Very similar to my last team, my new team did not have much experience in their new space when I started and I am grateful to be on the ground floor of what we are building there.  Much like in many places in my company, many of the folks are old SDETs and dealing with the change is an ongoing challenge, but not one that I am unfamiliar with.   Honestly, it is going nicely in my humble opinion, but as more and more people are learning what data can do for a business, the pressure to hire and train more data scientists is ever increasing.     In the last 9 months, spontaneous 1:1s with folks have increased by an order of magnitude with folks who are: 1) looking to hire a “data scientist”, 2) looking to become one, or 3) looking to preserve their current position.    Today’s post is mostly about issue #1.  Although, #2 is also interesting to me as the majority of these folks have been Program Managers lately (which might indicate a sign of change in that discipline).   #3?   I would say that’s the majority of what I speak to on my blog and on the podcast, but if there are specific questions, send me a tweet.   We will feature it as part of our Mailbag segment on the podcast.  We love the mailbag!

This post was inspired by a talk I attended at this year’s Strata conference in New York.  The presenter, Katie Kent, did a talk on Unicorn hunting in the data science world, which I thought was fantastic.  Her company Galvanize.com offers a 12 week immersive course that claims to prep you for a Data Science role with a 94% success rate.   I haven’t researched this myself, but maybe I will test it with a few employees of mine and report back.   Might be another alternative for the #2 issues I mentioned above.  I can say Katie’s talk was great and it resonated.   Many of the discussions I have had recently was *exactly* in this problem space.   Managers coming to me or my manager wondering how to quickly learn from us being vanguards and asking how to take advantage of Data Science and “maybe if I can get an open position, you can help me hire one?”.


Yup, that’s right.   One!


Katie’s talk was about Unicorn Hunting.   The elusive Unicorn was the perfect singular Data Scientist a company could hire that could solve all of its needs in the data science space.    I regret to inform all of you except Katie.   They are extremely rare (perhaps, rarer than the Unicorn) and if you can find one, you will probably not be able to afford him/her.  (note: if you can though, you should!).   The challenge here is this perfect Data Scientist would have to be an expert in too many very distinct fields.  The ones I am aware of that exist are indeed Rockstars (in the Stats world), but these aren’t the folks you will successfully hire into your one-off position.
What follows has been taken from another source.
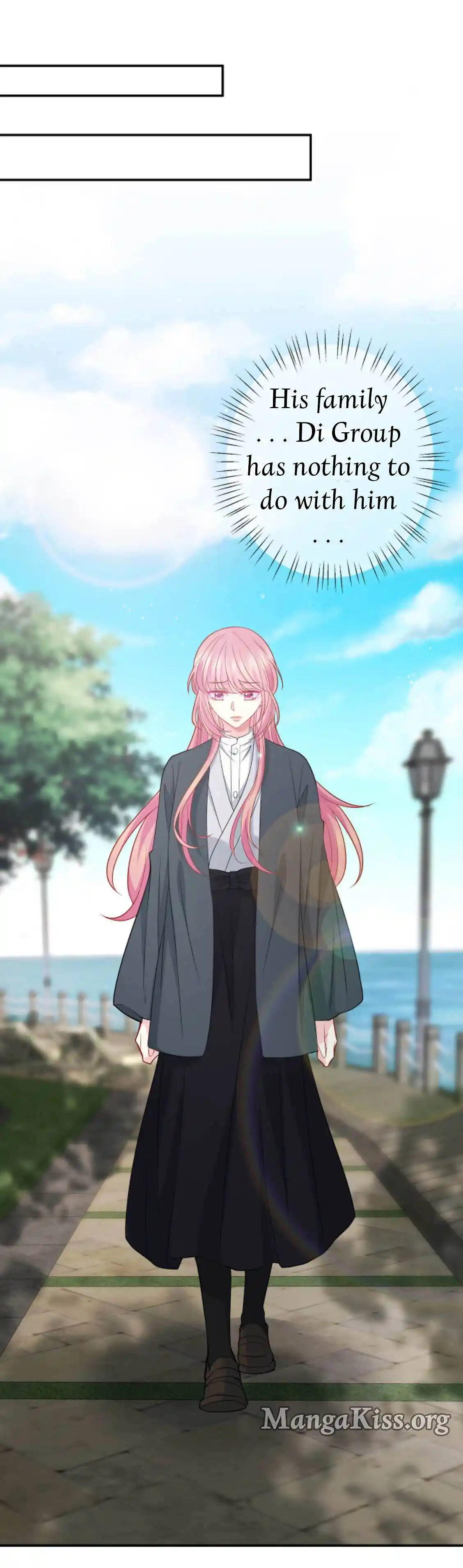 Embrace My Shadow Chapter 542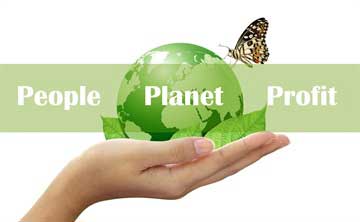 People planet profit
One new experience for me on my new team has been to hire Data Scientists.   Almost all of the folks I have interviewed have been PhD’s, but the best have only achieved Master’s degrees.   To date, I have not met a candidate with only a Bachelor’s degree.  <aside> This, by itself, is interesting.   If one can become a data scientist in only 12 weeks, why not 4 years?    </aside>   Master’s candidates are great, I think, because they have 1) learned some depth and 2) have stayed grounded in the application of their craft.   I’ve learned that there’s a big debate in academia with respect to post-doctoral individuals and whether or not to join Industry.     They are pushed to push the boundaries of the science and I think somewhere along the way, the drive to apply it to real life dissipates.  Masters students are more applied scientists, in my humble opinion, than theorists and as a result, more immediately useful to a business.  This is an exaggeration, of course, but highlights another cause for the Data Scientist shortage.  The PhD folks that do venture into industry and survive it are helpful.     They are able to pull the practiced, but old, learnings of Data Science closer to what’s currently known which causes an acceleration of all involved.
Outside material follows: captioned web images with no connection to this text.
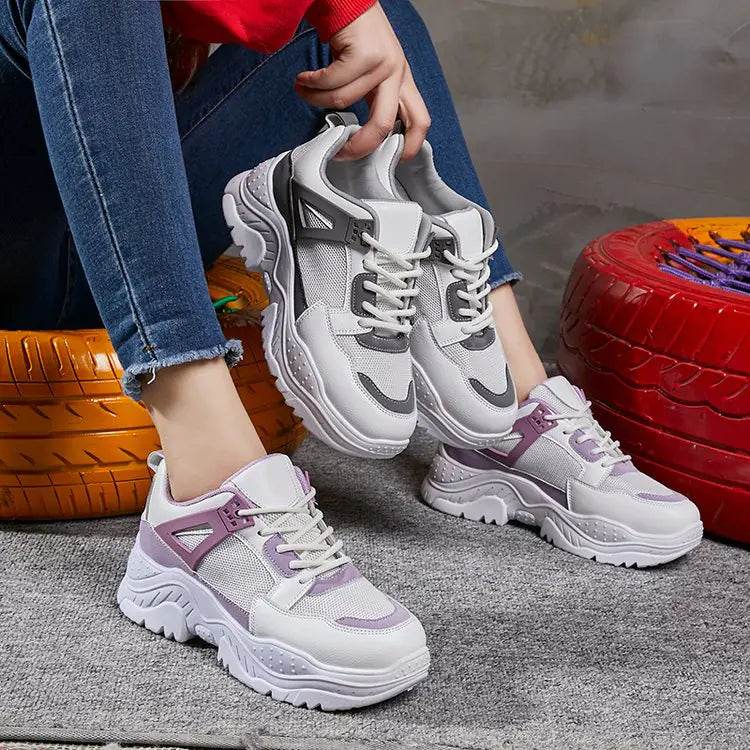 Women's Dad Shoes 2019 Spring New Trendy Sneakers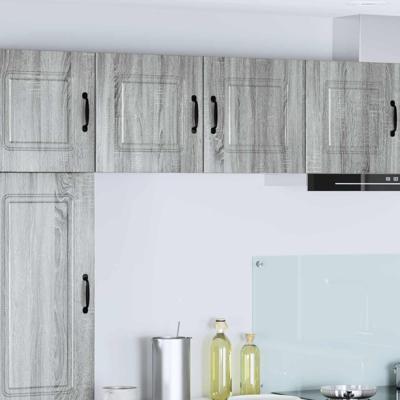 Keukenkast met opslag Kalmar 2 pcs Grijs Sonoma 40 x 31 x 40 cm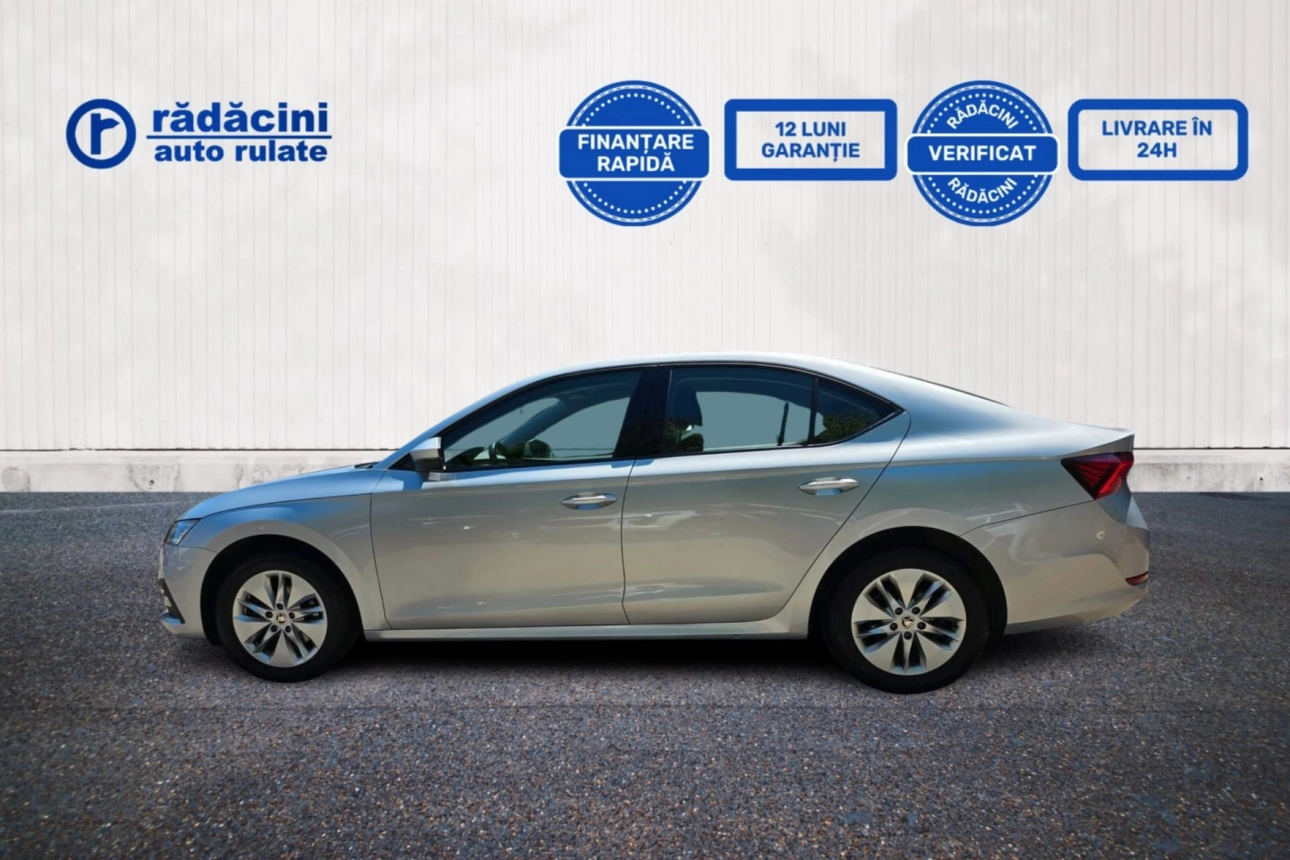 SKODA OCTAVIA IV 2.0 TDI 150CP DSG AMBITION 2020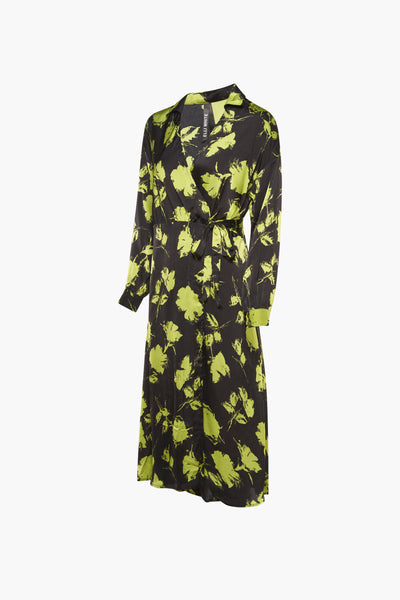 Robe  Noir - ELLI WHITE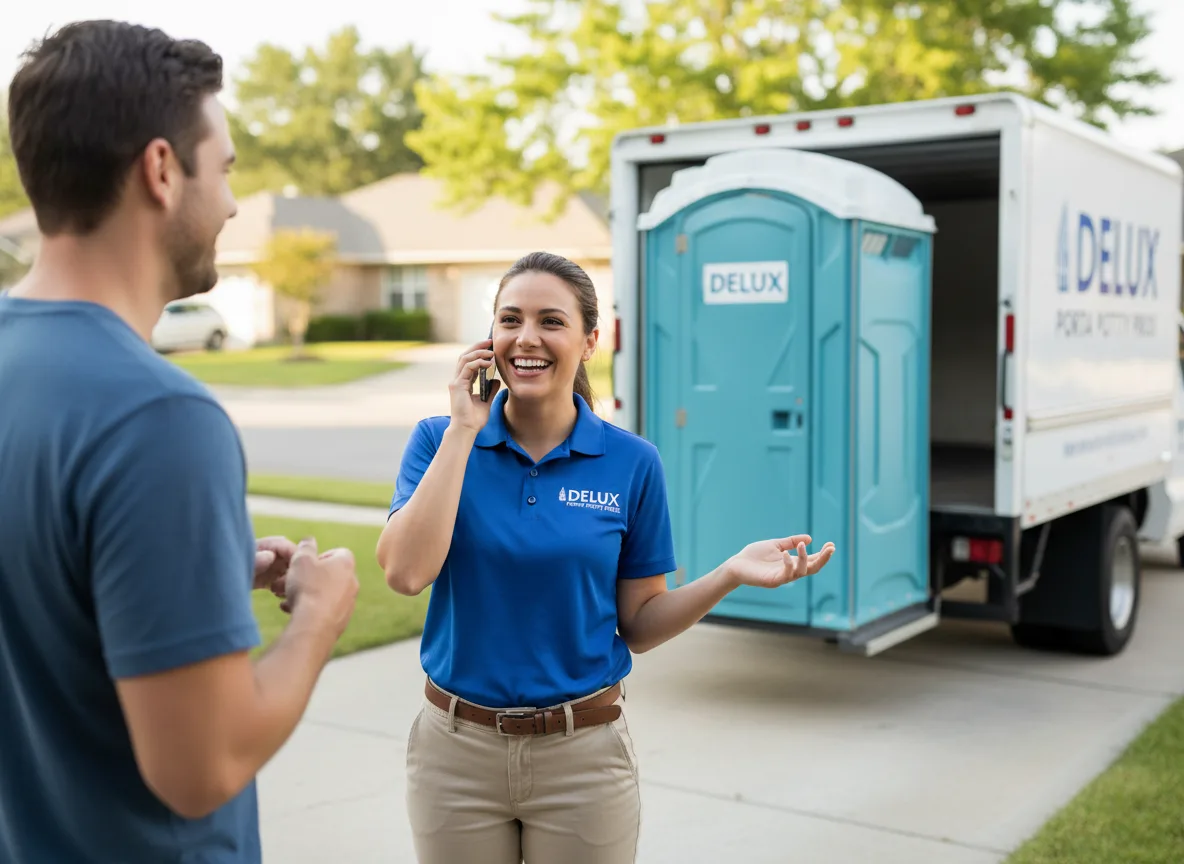 Long-Term Portable Toilet Rental Lucerne, IN FAQs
However, this is knowledge work and there’s too much of it.   Due to the cognitive limitations of any single human, it will *always* be rare for just 1 person to be even good enough for what is needed end-to-end.

Depending on who you talk to, there are multiple definitions of a Data Scientist’s job.  My present favorite: A Data Scientist helps a business drive action by understanding and exploiting relationships present in the data.   There are 4 key principles buried in that definition.

4 Key Data Science Principles:

  1. Actionability – the recommendations must be interesting, valuable, and within the means of the business
  2. Credibility – In this business, Objective Truth is *everything*.   It is ok to communicate confidence intervals, but it is not ok to be wrong. Data Science teams get, AT MOST, one time to present wrong data, insights, recommendations to an executive. It is wise to remember this.
  3. Understanding Relationships – this is the bread and butter work most data scientists are hired to do.   There are a vast sea of techniques to use for digging knowledge out of data. One must also have the ability to understand what it means.   Domain Knowledge is critical.
  4. Data – lots and lots and lots of it

To be able to succeed, one must turn data into knowledge and make knowledge work.   Sounds good as a t-shirt motto, but in practice, this is hard.   It takes deep knowledge from several disciplines to turn this into something efficient that scales to not only the amount of data being processed, but also the timeline the business requires in order to benefit from the discoveries.


In my experience, it takes a team to pull this off.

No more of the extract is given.